Dr. Ulrike Müller – Die klugen Frauen von Weimar
Annegret Oehme

Dass das kulturelle Weimar nicht nur mit Männern wie Goethe, Schiller und Herder verbunden ist, belegt Ulrike Müller in ihrem neuen Buch an Hand einiger Biographien gebildeter Frauen Weimars.




"Ich glaube, dass, wenn ebenso viel Frauen Schriftstellerinnen wären, als Männer es sind, und wenn wir nicht durch tausend Kleinigkeiten in unserer Haushaltung herabgestimmt würden, man vielleicht auch einige gute darunter finden würde, denn wie wenige gute gibt es heute unter den Autoren ohne Zahl."

So schreibt Charlotte von Stein 1798 in einem Brief an Charlotte Schiller und drückte damit aus, was wohl viele ihrer Zeitgenossinnen und Mitbürgerinnen empfanden, Frauen, denen es nicht mehr genügte, die brave Gattin zu sein und sich den Männern unterzuordnen.

Die oberflächliche Bildung, die man den Frauen jener Zeit zumaß, war für viele nicht mehr befriedigend, doch stießen sie mit ihrem Wissens- und Lebenshunger auch oft an die Grenzen dessen, was als "schicklich" empfunden wurde.

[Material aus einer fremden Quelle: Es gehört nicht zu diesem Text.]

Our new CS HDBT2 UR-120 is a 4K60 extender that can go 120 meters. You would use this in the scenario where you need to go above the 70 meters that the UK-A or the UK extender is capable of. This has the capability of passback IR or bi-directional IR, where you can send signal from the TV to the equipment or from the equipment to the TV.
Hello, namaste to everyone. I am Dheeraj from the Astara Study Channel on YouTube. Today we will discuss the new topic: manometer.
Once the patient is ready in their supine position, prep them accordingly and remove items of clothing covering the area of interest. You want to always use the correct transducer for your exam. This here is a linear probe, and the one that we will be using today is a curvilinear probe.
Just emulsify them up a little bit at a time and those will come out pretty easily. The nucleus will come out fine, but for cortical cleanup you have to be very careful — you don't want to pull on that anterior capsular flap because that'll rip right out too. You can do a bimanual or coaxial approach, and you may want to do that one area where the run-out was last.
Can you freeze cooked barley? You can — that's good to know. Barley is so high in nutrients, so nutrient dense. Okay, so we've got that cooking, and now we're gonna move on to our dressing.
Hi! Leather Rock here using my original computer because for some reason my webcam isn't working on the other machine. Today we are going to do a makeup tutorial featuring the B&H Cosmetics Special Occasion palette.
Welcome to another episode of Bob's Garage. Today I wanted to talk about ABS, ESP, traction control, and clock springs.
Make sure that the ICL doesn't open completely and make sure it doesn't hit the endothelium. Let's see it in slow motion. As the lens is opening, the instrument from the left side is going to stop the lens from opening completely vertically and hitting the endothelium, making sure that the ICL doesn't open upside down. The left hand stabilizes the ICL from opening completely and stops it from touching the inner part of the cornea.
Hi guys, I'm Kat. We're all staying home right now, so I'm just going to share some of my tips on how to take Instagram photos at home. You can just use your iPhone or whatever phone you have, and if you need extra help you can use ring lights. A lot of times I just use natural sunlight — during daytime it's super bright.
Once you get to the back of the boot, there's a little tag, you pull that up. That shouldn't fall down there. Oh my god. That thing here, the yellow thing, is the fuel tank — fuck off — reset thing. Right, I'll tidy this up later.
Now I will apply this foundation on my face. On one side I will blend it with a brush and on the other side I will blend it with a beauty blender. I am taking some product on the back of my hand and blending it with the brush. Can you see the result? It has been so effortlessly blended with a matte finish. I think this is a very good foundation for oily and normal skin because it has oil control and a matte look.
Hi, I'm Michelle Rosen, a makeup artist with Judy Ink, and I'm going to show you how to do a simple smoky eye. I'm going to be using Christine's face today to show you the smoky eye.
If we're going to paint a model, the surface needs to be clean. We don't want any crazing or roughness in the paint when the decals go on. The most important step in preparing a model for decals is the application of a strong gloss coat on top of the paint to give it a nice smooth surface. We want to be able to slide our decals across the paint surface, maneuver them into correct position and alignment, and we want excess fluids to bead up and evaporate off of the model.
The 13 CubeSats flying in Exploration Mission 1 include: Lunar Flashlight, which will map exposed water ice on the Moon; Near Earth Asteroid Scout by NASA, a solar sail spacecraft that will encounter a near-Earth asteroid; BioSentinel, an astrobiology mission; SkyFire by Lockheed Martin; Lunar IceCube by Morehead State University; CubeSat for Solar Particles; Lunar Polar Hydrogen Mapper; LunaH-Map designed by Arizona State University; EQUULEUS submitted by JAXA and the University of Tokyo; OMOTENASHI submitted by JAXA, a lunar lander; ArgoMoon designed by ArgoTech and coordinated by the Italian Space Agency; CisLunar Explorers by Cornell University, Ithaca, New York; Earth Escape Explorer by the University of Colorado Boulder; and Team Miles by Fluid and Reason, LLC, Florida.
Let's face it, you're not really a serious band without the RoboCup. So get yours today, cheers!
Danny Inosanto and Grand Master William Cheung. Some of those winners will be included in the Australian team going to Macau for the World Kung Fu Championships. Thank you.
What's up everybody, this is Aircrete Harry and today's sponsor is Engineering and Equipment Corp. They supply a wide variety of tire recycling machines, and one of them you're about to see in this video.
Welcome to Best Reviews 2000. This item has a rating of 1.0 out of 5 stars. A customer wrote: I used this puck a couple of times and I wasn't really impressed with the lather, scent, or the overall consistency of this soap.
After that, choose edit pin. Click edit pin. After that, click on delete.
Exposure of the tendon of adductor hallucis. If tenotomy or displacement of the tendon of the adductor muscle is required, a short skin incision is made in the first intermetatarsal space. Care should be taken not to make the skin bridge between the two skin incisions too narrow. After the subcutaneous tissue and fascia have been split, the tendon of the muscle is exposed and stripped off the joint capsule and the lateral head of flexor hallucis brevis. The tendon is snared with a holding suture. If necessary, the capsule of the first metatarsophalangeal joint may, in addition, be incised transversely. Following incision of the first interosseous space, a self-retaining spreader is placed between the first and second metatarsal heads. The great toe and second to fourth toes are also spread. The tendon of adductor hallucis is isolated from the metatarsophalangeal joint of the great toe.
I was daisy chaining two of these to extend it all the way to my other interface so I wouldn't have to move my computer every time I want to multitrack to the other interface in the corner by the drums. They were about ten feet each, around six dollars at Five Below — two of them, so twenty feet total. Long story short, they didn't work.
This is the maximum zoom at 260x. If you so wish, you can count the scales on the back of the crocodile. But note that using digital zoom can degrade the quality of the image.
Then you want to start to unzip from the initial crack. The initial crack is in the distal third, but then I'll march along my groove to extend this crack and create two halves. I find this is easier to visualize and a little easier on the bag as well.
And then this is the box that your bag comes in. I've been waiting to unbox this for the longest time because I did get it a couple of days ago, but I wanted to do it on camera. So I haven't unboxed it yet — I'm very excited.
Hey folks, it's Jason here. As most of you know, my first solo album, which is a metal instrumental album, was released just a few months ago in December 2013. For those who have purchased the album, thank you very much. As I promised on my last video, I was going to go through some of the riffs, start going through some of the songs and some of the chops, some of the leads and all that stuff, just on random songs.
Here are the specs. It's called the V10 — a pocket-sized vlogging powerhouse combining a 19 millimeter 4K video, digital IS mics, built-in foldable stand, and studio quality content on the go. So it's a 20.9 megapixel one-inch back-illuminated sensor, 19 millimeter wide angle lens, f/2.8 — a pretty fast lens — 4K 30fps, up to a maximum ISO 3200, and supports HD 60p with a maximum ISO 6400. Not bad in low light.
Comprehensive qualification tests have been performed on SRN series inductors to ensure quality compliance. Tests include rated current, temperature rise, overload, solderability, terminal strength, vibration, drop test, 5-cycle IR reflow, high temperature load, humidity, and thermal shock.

Nicht nur zur Muse degradiert, beeinflussten die gebildeten Damen ihre männlichen Künstlerkollegen. So schreibt beispielsweise Hans Christian Andersen über eine Weimarer Sängerin "Durch Jenny Lind hab ich zuerst die Heiligkeit der Kunst verstanden, durch sie habe ich gelernt, daß man sich im Dienste des Höheren selbst vergessen muß! Kein Buch, keine Person hat, für eine Zeit, besser und mehr veredelnd auf mich als Dichter eingeweiht als Jenny Lind."

Der Sängerberuf bot eine der wenigen Möglichkeiten, ein "Handwerk für das Leben" zu erlangen.
So dachte auch das, zu seiner Zeit sehr bekannte, Musikerehepaar Rosa und Feodor von Milde, die ihrer Adoptivtochter eine Gesangsausbildung zukommen ließen.
Die heute größtenteils vergessene Natalie von Milde steht in der Tradition von Frauen wie Anna Amalia und Johanna Schopenhauer und forderte im 19. Jahrhundert als Frauenrechtlerin den längst überfälligen Schritt der Emanzipation.
Schon in jungen Jahren zeichnete sie sich durch eine hohe Intellektualität und große Wissbegier aus. Dennoch blieb ihr das heiß ersehnte wissenschaftliche Studium untersagt, so dass sie all ihr Wissen durch Selbststudium erlangen musste. Auch durch Kontakt zu Mitschülerinnen und Mitbürgerinnen wurden ihr die Grenzen, die dem weiblichen Geschlecht gesetzt waren, schmerzlich bewusst und sie prangerte diesen Misstand in ihren zahlreichen Schriften, darunter auch "Goethe und Schiller und die Frauenfrage", an.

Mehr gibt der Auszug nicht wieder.